Today’s meeting, which is closed to the public, is to focus on Orr’s plan to shift retirees from city-provided health care to Medicare or health exchanges under the Affordable Care Act. Consultants working with Orr are expected to deliver the message. Orr is not expected to be present.

The cuts are part of Orr’s restructuring plan, first unveiled last Friday, to resolve Detroit’s deep financial crisis. The city has up to $20 billion in debt and liabilities and no money to pay its bills.

■ Related story: In Detroit’s financial crisis, a restructuring: Services, groups affected

■ Related story: Q&A with Kevyn Orr: Detroit’s emergency manager talks about city’s future

The report pegged the city’s unfunded employee health care obligations at $5.8 billion.

Orr is asking city workers, retirees, bondholders and other creditors to accept less than what the city owes them. Some unsecured creditors are being asked to accept pennies on the dollar.

Gaffney said there has been no talk so far among city unions about organizing strikes or other work actions to protest Orr’s proposals.

But that could change.

“Sometimes you have to make a stand,” Gaffney said. “You can only talk so long, you can only slap me down so many times. I can’t keep not fighting.”

Gaffney said he has seen little to convince him that Orr’s overall restructuring plan is not “just a master plan to take the city over.
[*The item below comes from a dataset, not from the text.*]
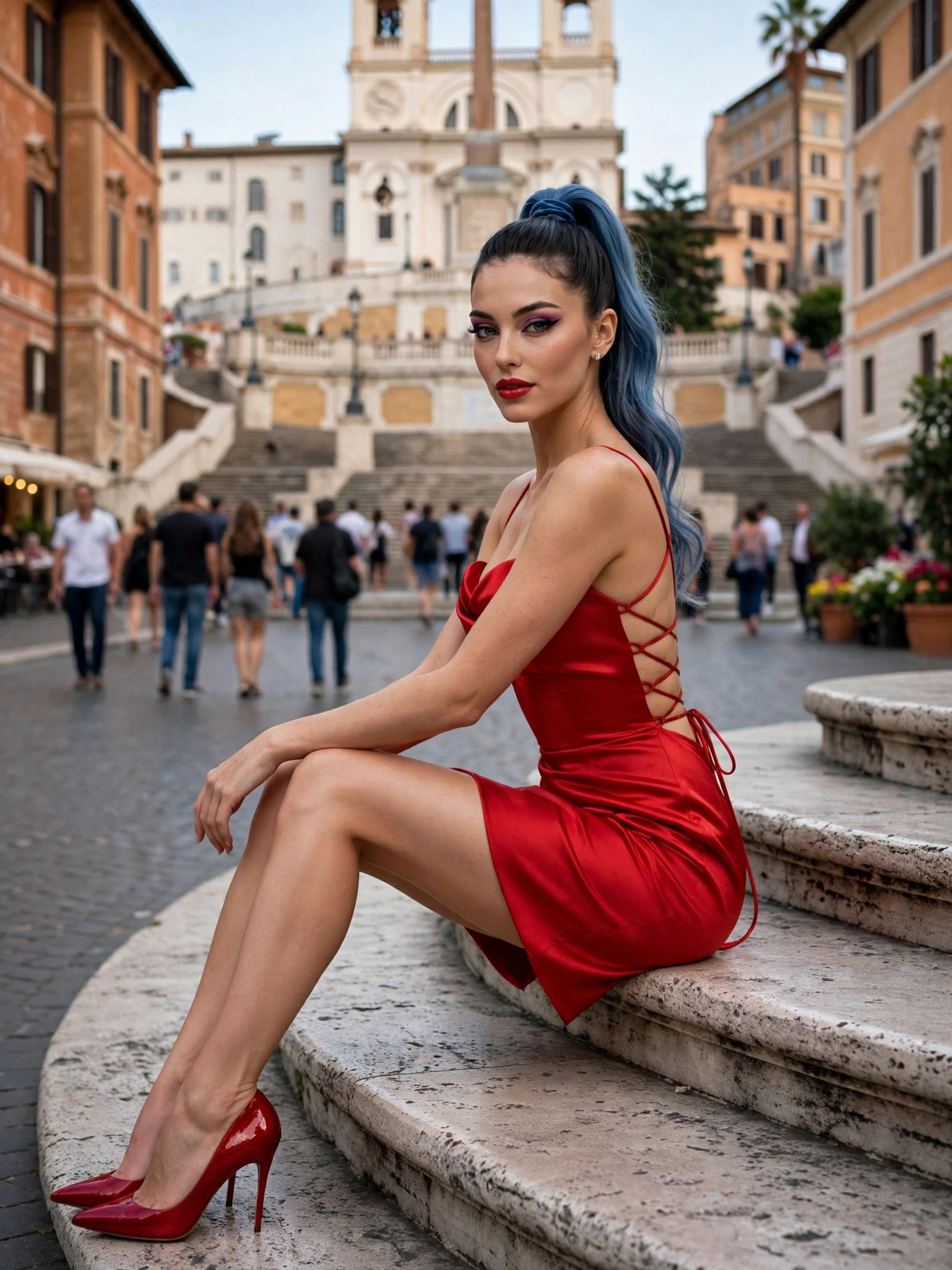 NARIKA, personaggio virtuale AI: Roma: un momento sulla scalinata.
It’s about privatizing anything they can and getting rid of the unions.”

Orr must reach agreements with all of Detroit’s creditors, including the city’s two pension funds, to avoid filing for bankruptcy.

Chet Kulesza, who represents the Detroit police officers labor council, said a bankruptcy is inevitable because the pension funds will not agree to cuts.

“That’s what’s going to happen,” he said this morning.

Orr plans to more specifically address cuts he is seeking to pension benefits at another meeting next week.

But today’s announcement of the probe should make that meeting more contentious than expected.

Union officials have vigorously disputed Orr’s contention about pension underfunding, calling it a move to grab a major asset of city workers.

A final analysis of the retirement systems’ funding level is due within weeks, and if the report by the Milliman actuarial firm shows the systems are less than 80% funded, Orr could remove one or more pension trustees.

State Treasurer Andy Dillon could appoint Orr as sole trustee of the funds if they fall below the 80% threshold.

As sole trustee, Orr, with Dillon’s approval, could transfer the Detroit pension funds to another system, such as the Municipal Employees’ Retirement System of Michigan, which manages pension assets for more than 700 municipalities.

Orr was not there to lay out the situation for union leaders today, many of whom liked his straightforward manner when he met with stakeholders last week.

The numbers and proposed plan came from Evan Miller, a partner with Jones Day and cochair of the law firm’s Employee Benefits & Executive Compensation Practice as well as Chuck Moore, senior managing director at Conway MacKenzie, a Birmingham firm, and a representative from Ernst & Young.

About 125 representatives of non-uniformed employees attended the morning session and about half that number are expected to attend an afternoon session.

Nowling said the pension underfunded amount cited in Orr’s report is still believed to be on the conservative side, but no new numbers were presented today from last week’s presentation. The figures may change before a meeting next week with representatives of the two pension funds.

Nowling said the criminal investigation should not affect the pension figures but will help explain how they were derived. “Clarity is a rare commodity in Detroit,” he said.